Halston (American, Des Moines, Iowa 1932–1990 San Francisco, California)
Brooklyn Museum Costume Collection at The Metropolitan Museum of Art, Gift of the Brooklyn Museum, 2009; Gift of Trudy Elliott, 1985
Not on view
Beginning his career as a milliner, Halston later crossed over to ready-to-wear, promoting minimal design. His loyal clientele of the rich and famous chose to display his creations in trendy locals such as New York's Studio 54. In 1971, he began incorporating Ultrasuede into his work, which was an instant success, becoming one of his signature fabrics. Halston's quick rise to fame ended abruptly when he agreed to design an inexpensive line for J.C. Penney. While his career ended in the eighties, his innovations continue to be seen in fashion today, and have been resurrected with the Halston brand of the twenty-first century.

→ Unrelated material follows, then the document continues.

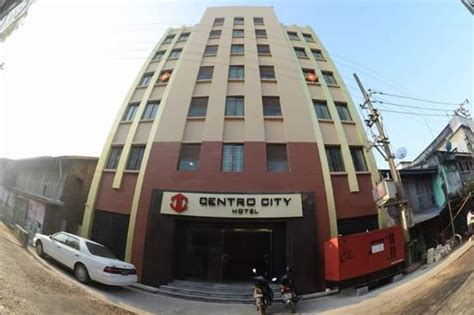 CENTRO CITY HOTEL - BURMESE ONLY (Myanmar/Pathein) - Specialty Hotel ...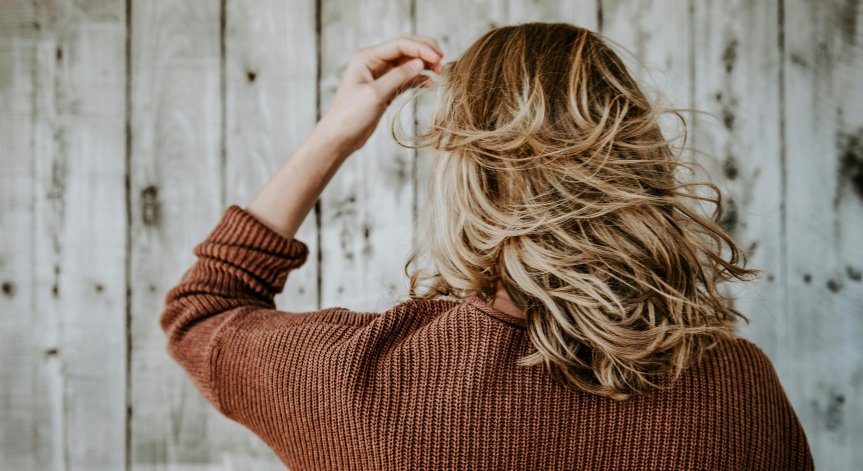 Сешоарът с йонна технология щади косата.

This sequined silk evening dress is characteristic of Halston's designs. The single shoulder, creating an asymmetrical neckline, was a trademark of the designer, as well as the scalloped print used beneath the iridescent sequins. An elegant, yet minimal dress for evening, it is enhanced by the ombré effect of the sequins, darkening as they reach the bottom of the skirt, creating a puddle of deep blue. Undoubtedly, the dress evokes a mermaid look as it moves with the body and the sequins shimmer as they catch the light.